Sep Visser
- Born: Sep Visser 14 December 1990 (age 35) Zeewolde, Netherlands
- Height: 6 ft 3 in (1.91 m)
- Weight: 15 st 9 lb (100 kg)
- School: Christelijk College Nassau-Veluwe
- University: Newcastle College
- Notable relative: Tim Visser (brother)

Rugby union career
- Position: Centre Wing
- Current team: Boroughmuir RFC Edinburgh Rugby

Senior career
- Years: Team / Apps / (Points)
- 2011–2013: Edinburgh Rugby / 9 / (10)
- Correct as of 15 February 2014

International career
- Years: Team / Apps / (Points)
- Netherlands

= Sep Visser =

Netherlands international rugby union player

Sep Visser (/nl/; born 14 December 1990) is a Netherlands international rugby union player. He most recently played as a dual player for Boroughmuir RFC and Edinburgh Rugby, playing as a centre and a wing.

==Early career==
He joined the Newcastle Falcons Academy as a teenager, following his brother Tim Visser. After moving from the Netherlands (where he played for RC Hilversum) to England, he joined the Newcastle Falcons Academy and went on to represent the Falcons in the Middlesex Sevens in 2007. He remained at Kingston Park until 2009, then he joined Tynedale R.F.C.

==Club career==
He was successful at Tynedale R.F.C. having scored 23 tries in 29 games in the 2010–2011 season for the Northumberland club.

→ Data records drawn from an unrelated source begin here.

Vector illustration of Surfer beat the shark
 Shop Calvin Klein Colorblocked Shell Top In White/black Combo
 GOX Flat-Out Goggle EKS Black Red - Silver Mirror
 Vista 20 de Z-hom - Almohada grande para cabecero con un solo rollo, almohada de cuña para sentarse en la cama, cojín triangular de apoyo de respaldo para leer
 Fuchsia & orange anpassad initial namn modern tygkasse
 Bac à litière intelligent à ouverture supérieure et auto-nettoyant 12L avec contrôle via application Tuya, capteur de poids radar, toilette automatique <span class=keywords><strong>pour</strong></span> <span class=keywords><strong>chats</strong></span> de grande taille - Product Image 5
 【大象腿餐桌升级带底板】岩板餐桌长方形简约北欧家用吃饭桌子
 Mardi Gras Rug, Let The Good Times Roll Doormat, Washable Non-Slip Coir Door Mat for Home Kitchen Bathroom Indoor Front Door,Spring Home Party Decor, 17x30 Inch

In July 2011 Visser agreed a professional contract with for the 2011–12 season but would initially play on a dual contract with Boroughmuir RFC. He joined brother Tim, who was the top scorer in the 2010–11 Magners League. It was announced in April 2013, that he had been released from Edinburgh Rugby.

==International career==
He has been capped 15 times by the Netherlands national rugby union team

His father, Marc Visser, is the most capped played for the Netherlands national rugby union team. His brother Tim represents the Scotland national rugby union team.